** Opening RECORDS TO PROCESS block **

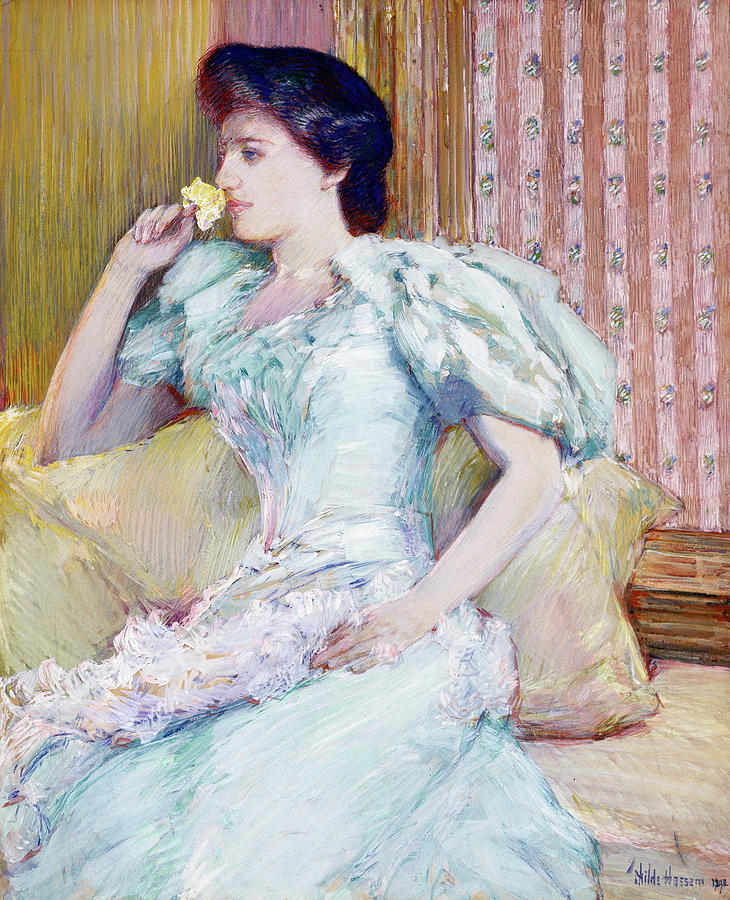 Childe Hassam Drawing - Lillie by Childe Hassam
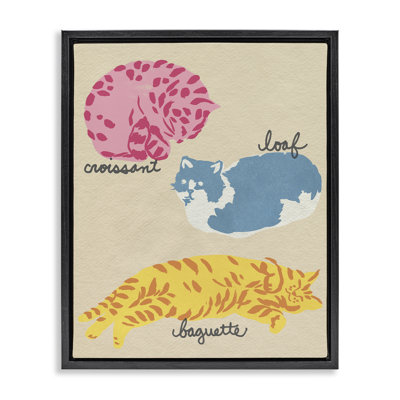 Funny Relaxing Cat Shapes Floating Frame, design by June Erica Vess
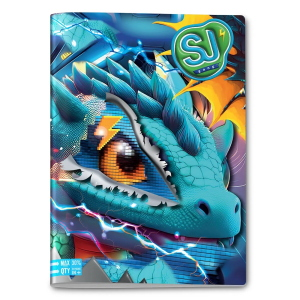 Seven Maxi Quaderno A4 Sj Gang Animali Boy Rigatura 10mm Per 1 E 2 Elementare Quality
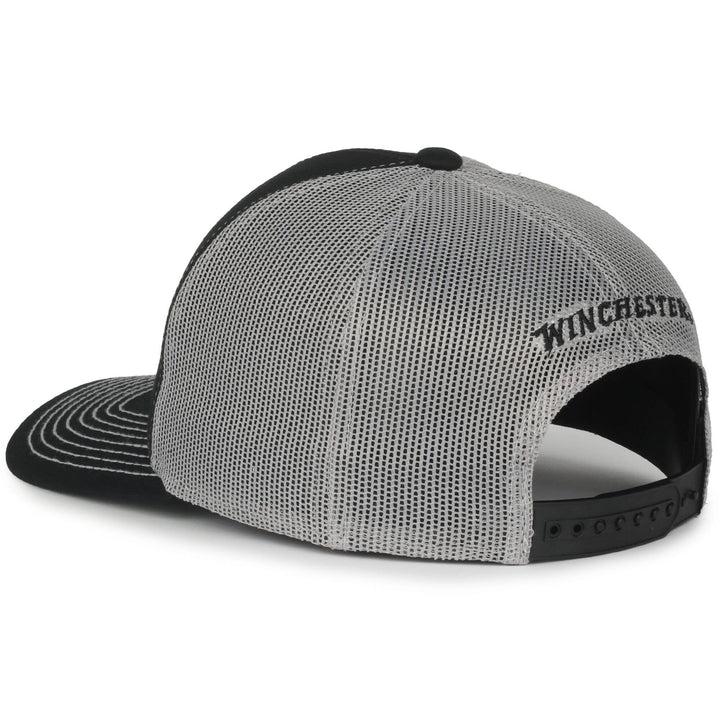 Winchester Horse and Rider Black Trucker Hat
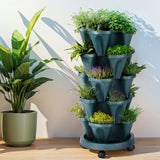 Green Fingers Garden Bed 5 Tier Vertical Garden Strawberry Stackable Planters Herbs Petunias Bonnyrigg Produce & Garden Supplies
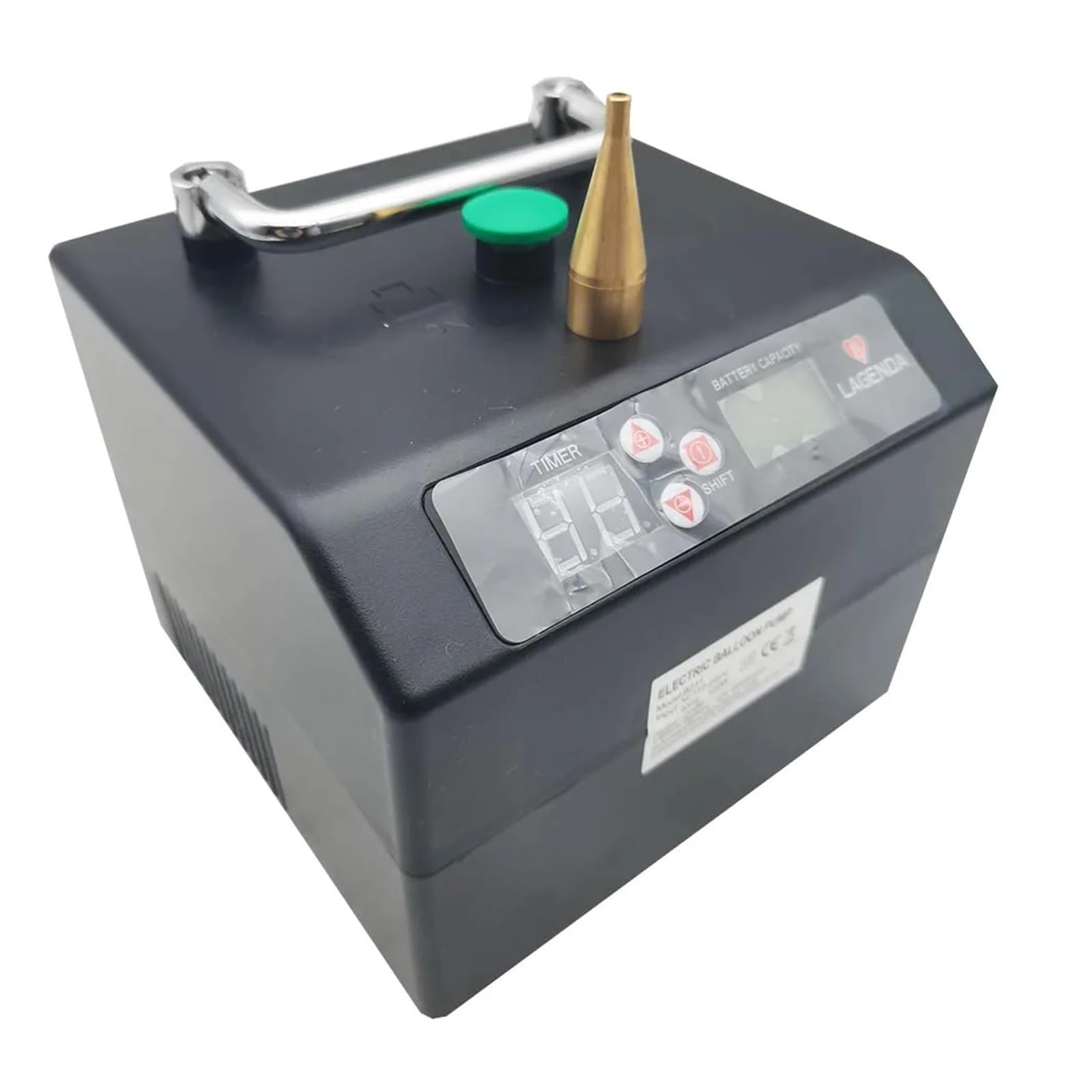 Gonfleur de ballon à modélisation torsadée avec batterie, heure numérique et pompe électrique compteur Pour le bricolage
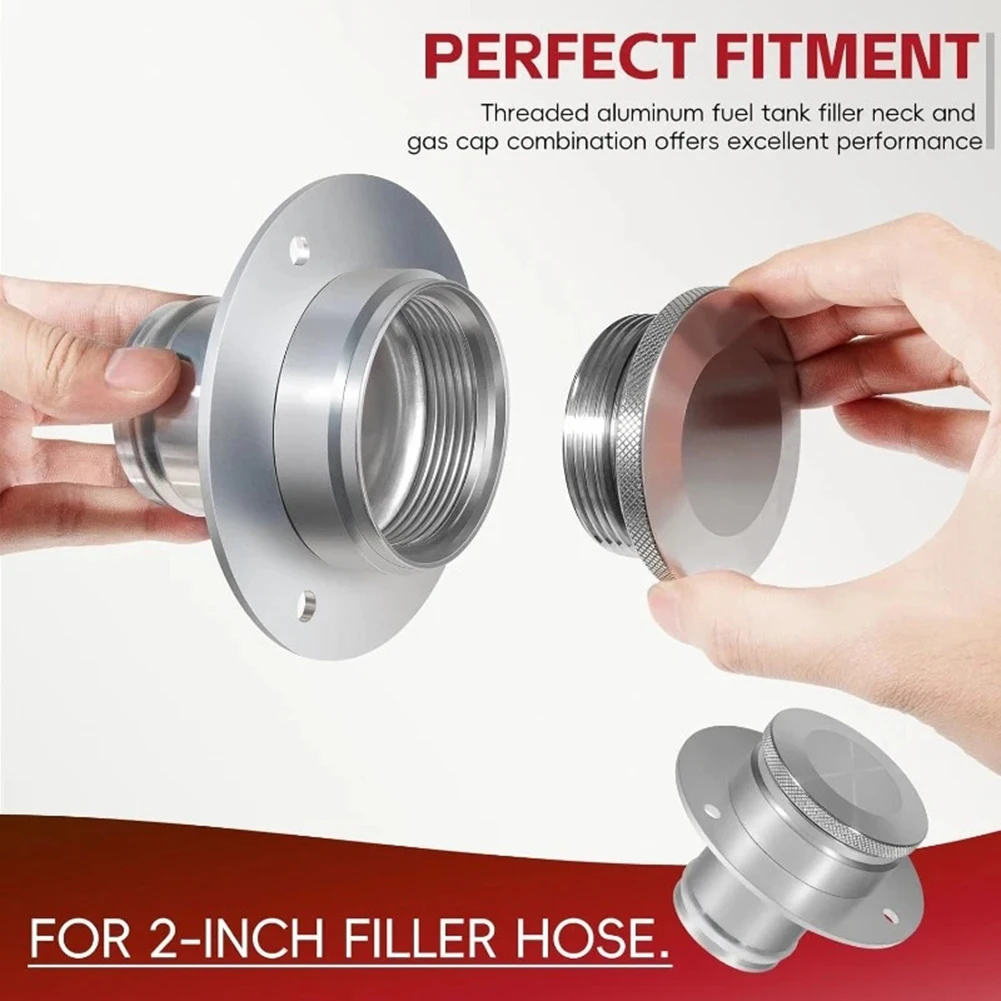 

Car Aluminum Fuel Tank Filler Neck Gas Cap And Weld-On Steel Bracket 17-2530 Engine Parts Easy Installation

** Closing RECORDS TO PROCESS block **

[AIM OF THE TASK]: Output only the lines from the line that contains "Funny Relaxing Cat" through the end of the material, both ends included, and skip every picture.

[RESULT FOR THIS TASK]:
 Funny Relaxing Cat Shapes Floating Frame, design by June Erica Vess
 Seven Maxi Quaderno A4 Sj Gang Animali Boy Rigatura 10mm Per 1 E 2 Elementare Quality
 Winchester Horse and Rider Black Trucker Hat
 Green Fingers Garden Bed 5 Tier Vertical Garden Strawberry Stackable Planters Herbs Petunias Bonnyrigg Produce & Garden Supplies
 Gonfleur de ballon à modélisation torsadée avec batterie, heure numérique et pompe électrique compteur Pour le bricolage

Car Aluminum Fuel Tank Filler Neck Gas Cap And Weld-On Steel Bracket 17-2530 Engine Parts Easy Installation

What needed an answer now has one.